It dawned on me today amid the tasks of mothering that I get to spend my days surrounded by my very favorite smiles. Not only am I surrounded by them, but I am the recipient of them. My children smile at me and for me and at times because of me. I don't want to ramble on about something that is cliche and well, "DUH", but today something truly set into my bones. I spend way to much time doing other things, putting my energy and effort into that which is meaningless. Yep, the house still needs cleaned and sure it would be great to actually watch the news from start to finish but there is nothing that should interfere with the moments which invite my children to share their sweet smiles and lives with me.
Moose is a piddeler. I am pretty sure that I ask him to hurry up at least ten times a day. Some of these instructions are necessary, for example, today when I needed him to hop into his seat in our van so that I could get his baby brother out of the cold snowy air. Instead of getting into his seat he was picking up dog hair off of the van floor one by one and commenting that perhaps I should get a new car....
However, the other nine times I am pretty darn sure are not necessary. They are me hurrying him along for no real reason. At the time I think it is a real reason. I rush him so that I can get to the dishes or check my email. Tomorrow, I am going to be intentional about only hurrying my son along when truly needed. I am going to sit on the floor as he gets dressed in the morning and laugh as he entertains me by dancing around with his shirt on his head. Because the truth is, I do think it is funny and I don't really understand why I ever started rushing him through his morning routine as if we were late for some event. He gets dressed great, even with the few moments of dancing and flailing around. In fact, I just might do this myself and see what he does. Perhaps, it will bring a smile to his face.
And, I am not going to rush our prayer time together. Yep~ it is true that he often goes on and on thanking God for toilet paper, eye lashes, and the lady at Walgreens simply to push back his bedtime. I know this. I was a kid once. But, here is the thing. God is good. And prayer is good. And, teaching Moose these things is far more significant than whatever I have to do after he is in bed. If needed we can simply start prayer time earlier that way we have the time for praying about anything and everything crosses his heart.

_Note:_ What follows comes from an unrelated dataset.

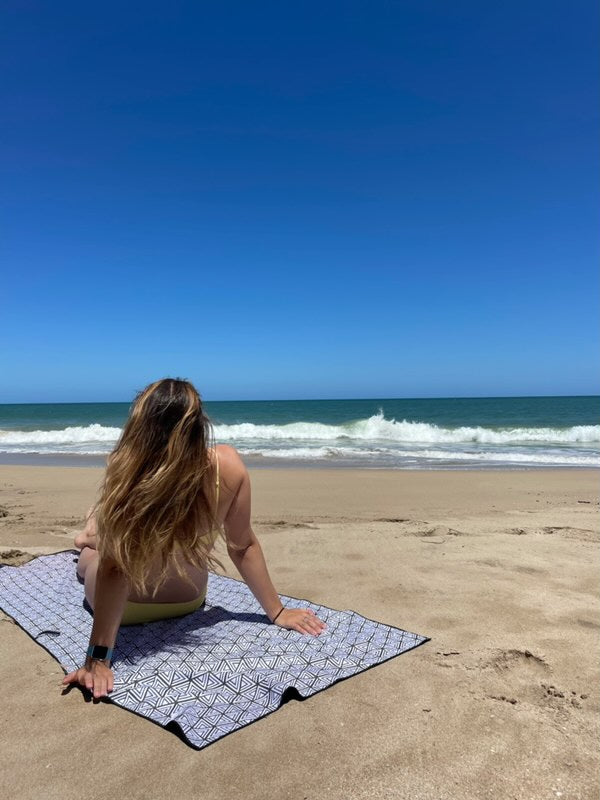 Sand Free Beach Towel | 80% RPET Recycled Polyester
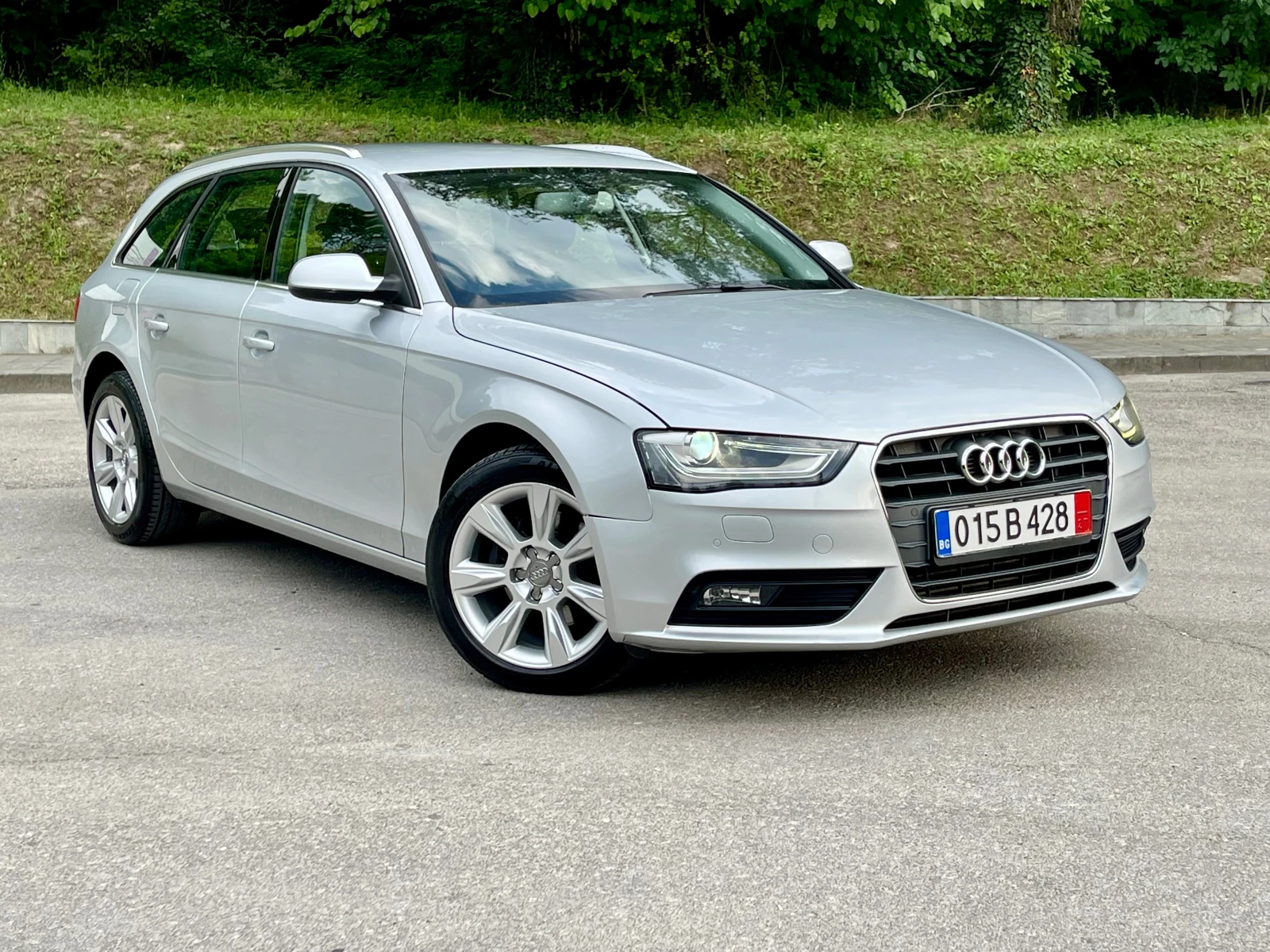 Audi A4 2.0TDI* Navi* BiXenon* LED* Facelift* Euro5B*  - изображение 5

Moose works for smiles from his little brother. He labors for them and then cherishes each one. He celebrates when his brother smiles at him. As we all do. Parenting gets more complex as our children grown and their tends to be this idea that as our kids get bigger they need us less. But, today was a reminder for me that no matter how old my children grow they need to know that their smile is something that I celebrate and cherish. Their smile, a genuine expression of joy in their spirits, is something I will set aside meaningless things for.
I adore my children. I adore this time I have at home with them. Their smiles invite me to see outside of myself and be a part of something great. I accept that invitation with nothing less than a smile.
Jesus, thank you for our messy house and long bedtime prayers. Thank you for cars on the kitchen floor and a pile of laundry. Thank you for nap time and wake time and late night nursing, for snuggles and hugs and wresting matches. Thank you for a thousand questions a day and that I am the one that gets to answer to the name, "Mommy." Thank you for my children, the noise and the unpredictable. Please help me to not take any of this for granted and to stop hurrying through my days.